### Set Up the Environment and Define the Model

In [13]:
import torch
import torch.nn as nn
from torch.nn import functional as F
import pandas as pd

# load the dataset
file_path = '/kaggle/input/spotify-million-song-dataset/spotify_millsongdata.csv'
df = pd.read_csv(file_path)

# hyperparameters
batch_size = 64
block_size = 128
learning_rate = 1e-3
device = 'cuda' if torch.cuda.is_available() else 'cpu'
n_embd = 128
n_head = 4
n_layer = 4
dropout = 0.0

# concatenates all the strings into a single string, with each original string separated by a newline character
text = df['text'].str.cat(sep='\n')

# text tokenize function
def text_tokenize(text):
    chars = sorted(list(set(text)))
    vocab_size = len(chars)
    stoi = {ch: i for i, ch in enumerate(chars)}
    itos = {i: ch for i, ch in enumerate(chars)}

    # encoding function
    encode = lambda s: [stoi[c] for c in s]

    # decoding function
    decode = lambda l: ''.join([itos[i] for i in l])

    data = torch.tensor(encode(text), dtype=torch.long)
    
    return data, stoi, itos, vocab_size, encode, decode

# apply the tokenize function
data, stoi, itos, vocab_size, encode, decode = text_tokenize(text)

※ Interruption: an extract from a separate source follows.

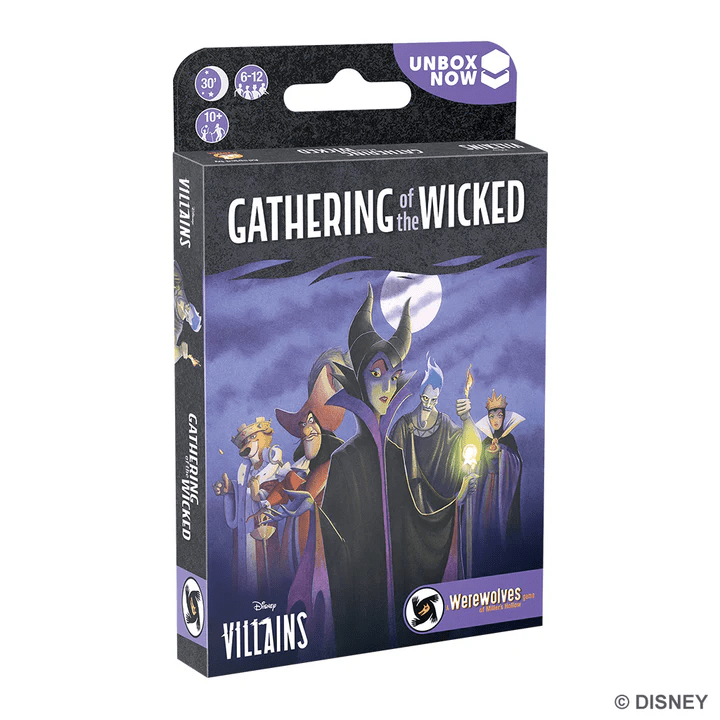 Villains Gathering Of The Wicked - The Feisty Goblin Gamehouse -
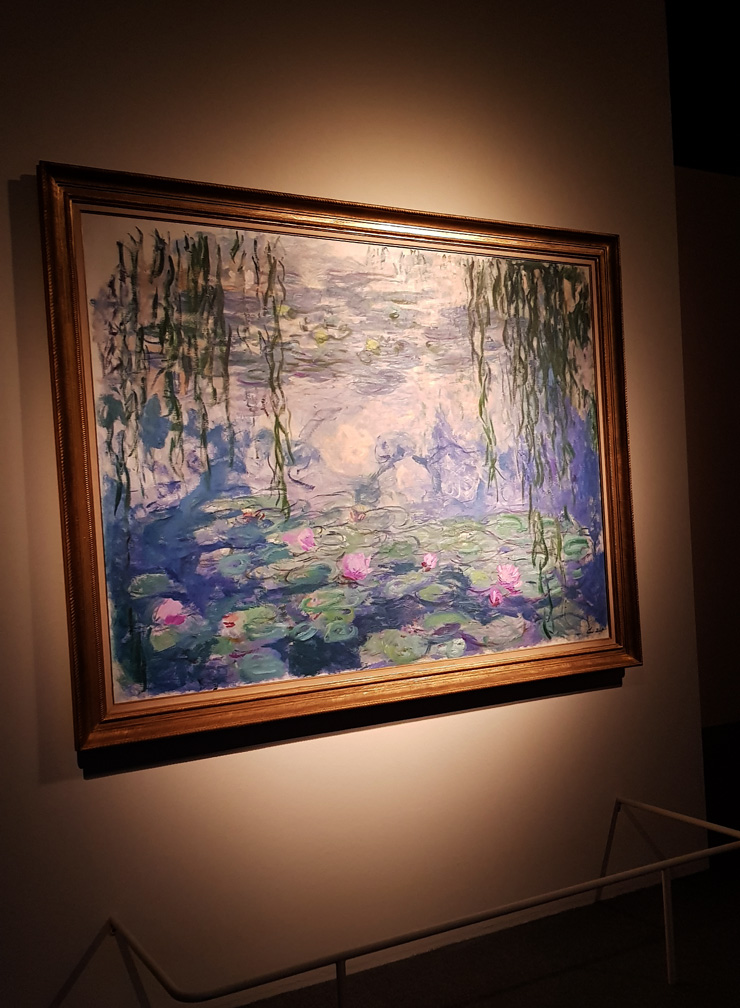 Cinque minuti con Monet. A tu per tu con Le Ninfee Al Palazzo Ducale di ...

# Define the necessary model components (Head, MultiHeadAttention, FeedFoward, Block)
class Head(nn.Module):
    """ one head of self-attention """
    def __init__(self, head_size):
        super().__init__()
        self.key = nn.Linear(n_embd, head_size, bias=False)
        self.query = nn.Linear(n_embd, head_size, bias=False)
        self.value = nn.Linear(n_embd, head_size, bias=False)
        self.register_buffer('tril', torch.tril(torch.ones(block_size, block_size)))
        self.dropout = nn.Dropout(dropout)

    def forward(self, x):
        B,T,C = x.shape
        k = self.key(x)   # (B,T,C)
        q = self.query(x) # (B,T,C)
        wei = q @ k.transpose(-2,-1) * C**-0.5 # (B, T, T)
        wei = wei.masked_fill(self.tril[:T, :T] == 0, float('-inf')) # (B, T, T)
        wei = F.softmax(wei, dim=-1) # (B, T, T)
        wei = self.dropout(wei)
        v = self.value(x) # (B,T,C)
        out = wei @ v # (B, T, T) @ (B, T, C) -> (B, T, C)
        return out

class MultiHeadAttention(nn.Module):
    """ multiple heads of self-attention in parallel """
    def __init__(self, num_heads, head_size):
        super().__init__()
        self.heads = nn.ModuleList([Head(head_size) for _ in range(num_heads)])
        self.proj = nn.Linear(n_embd, n_embd)
        self.dropout = nn.Dropout(dropout)

    def forward(self, x):
        out = torch.cat([h(x) for h in self.heads], dim=-1)
        out = self.dropout(self.proj(out))
        return out

class FeedFoward(nn.Module):
    """ a simple linear layer followed by a non-linearity """
    def __init__(self, n_embd):
        super().__init__()
        self.net = nn.Sequential(
            nn.Linear(n_embd, 4 * n_embd),
            nn.ReLU(),
            nn.Linear(4 * n_embd, n_embd),
            nn.Dropout(dropout),
        )

    def forward(self, x):
        return self.net(x)

class Block(nn.Module):
    """ Transformer block: communication followed by computation """
    def __init__(self, n_embd, n_head):
        super().__init__()
        head_size = n_embd // n_head
        self.sa = MultiHeadAttention(n_head, head_size)
        self.ffwd = FeedFoward(n_embd)
        self.ln1 = nn.LayerNorm(n_embd)
        self.ln2 = nn.LayerNorm(n_embd)

    def forward(self, x):
        x = x + self.sa(self.ln1(x))
        x = x + self.ffwd(self.ln2(x))
        return x

# Define the main model class: BigramLanguageModel
class BigramLanguageModel(nn.Module):
    def __init__(self):
        super().__init__()
        self.token_embedding_table = nn.Embedding(vocab_size, n_embd)
        self.position_embedding_table = nn.Embedding(block_size, n_embd)
        self.blocks = nn.Sequential(*[Block(n_embd, n_head=n_head) for _ in range(n_layer)])
        self.ln_f = nn.LayerNorm(n_embd) # final layer norm
        self.lm_head = nn.Linear(n_embd, vocab_size)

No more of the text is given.